Records drawn from a dataset:

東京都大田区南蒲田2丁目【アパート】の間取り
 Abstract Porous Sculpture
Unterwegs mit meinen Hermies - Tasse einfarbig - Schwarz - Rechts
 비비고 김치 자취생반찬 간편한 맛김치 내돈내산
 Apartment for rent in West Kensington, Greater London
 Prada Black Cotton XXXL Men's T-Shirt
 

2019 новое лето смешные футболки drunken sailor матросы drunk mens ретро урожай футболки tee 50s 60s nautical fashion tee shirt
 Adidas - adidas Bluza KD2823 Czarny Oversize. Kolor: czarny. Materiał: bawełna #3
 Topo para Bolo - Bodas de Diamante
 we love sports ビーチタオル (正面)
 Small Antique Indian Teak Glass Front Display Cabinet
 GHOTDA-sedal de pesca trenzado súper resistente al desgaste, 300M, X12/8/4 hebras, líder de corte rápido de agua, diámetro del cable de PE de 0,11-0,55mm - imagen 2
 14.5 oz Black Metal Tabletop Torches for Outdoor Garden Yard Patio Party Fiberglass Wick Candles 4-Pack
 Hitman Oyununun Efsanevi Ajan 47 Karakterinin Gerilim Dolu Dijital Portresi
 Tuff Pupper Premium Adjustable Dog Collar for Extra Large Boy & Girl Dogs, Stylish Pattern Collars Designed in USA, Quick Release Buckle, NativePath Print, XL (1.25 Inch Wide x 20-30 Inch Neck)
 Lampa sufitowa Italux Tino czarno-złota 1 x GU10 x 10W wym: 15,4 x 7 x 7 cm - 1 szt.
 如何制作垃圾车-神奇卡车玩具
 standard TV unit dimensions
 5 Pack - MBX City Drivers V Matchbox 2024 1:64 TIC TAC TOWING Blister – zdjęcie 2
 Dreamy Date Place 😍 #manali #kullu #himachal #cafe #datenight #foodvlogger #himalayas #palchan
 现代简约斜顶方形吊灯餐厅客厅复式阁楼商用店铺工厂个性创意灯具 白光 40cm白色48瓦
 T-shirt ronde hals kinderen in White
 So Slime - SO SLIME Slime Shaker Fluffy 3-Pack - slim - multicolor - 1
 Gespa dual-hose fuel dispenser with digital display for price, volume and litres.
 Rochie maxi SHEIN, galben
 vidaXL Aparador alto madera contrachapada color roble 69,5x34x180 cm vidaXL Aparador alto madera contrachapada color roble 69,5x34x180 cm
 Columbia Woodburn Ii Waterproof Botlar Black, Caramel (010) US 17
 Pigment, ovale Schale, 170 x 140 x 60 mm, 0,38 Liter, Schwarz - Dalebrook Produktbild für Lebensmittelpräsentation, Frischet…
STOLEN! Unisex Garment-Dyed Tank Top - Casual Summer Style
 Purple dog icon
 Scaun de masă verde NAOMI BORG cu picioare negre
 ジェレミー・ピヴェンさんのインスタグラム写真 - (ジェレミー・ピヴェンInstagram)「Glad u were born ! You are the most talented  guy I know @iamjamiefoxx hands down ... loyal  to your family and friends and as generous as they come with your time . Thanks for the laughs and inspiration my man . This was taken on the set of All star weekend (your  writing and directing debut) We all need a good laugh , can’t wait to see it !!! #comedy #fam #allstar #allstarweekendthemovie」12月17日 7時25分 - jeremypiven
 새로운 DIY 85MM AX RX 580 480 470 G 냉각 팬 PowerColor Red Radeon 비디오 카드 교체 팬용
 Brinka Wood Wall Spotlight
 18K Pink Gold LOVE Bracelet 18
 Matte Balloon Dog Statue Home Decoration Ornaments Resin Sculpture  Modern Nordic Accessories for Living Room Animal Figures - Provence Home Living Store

__Description of the task__. Which lines above include the word "Black"? Pick them out and copy them.

__Response area__.
 Prada Black Cotton XXXL Men's T-Shirt
 14.5 oz Black Metal Tabletop Torches for Outdoor Garden Yard Patio Party Fiberglass Wick Candles 4-Pack
 Columbia Woodburn Ii Waterproof Botlar Black, Caramel (010) US 17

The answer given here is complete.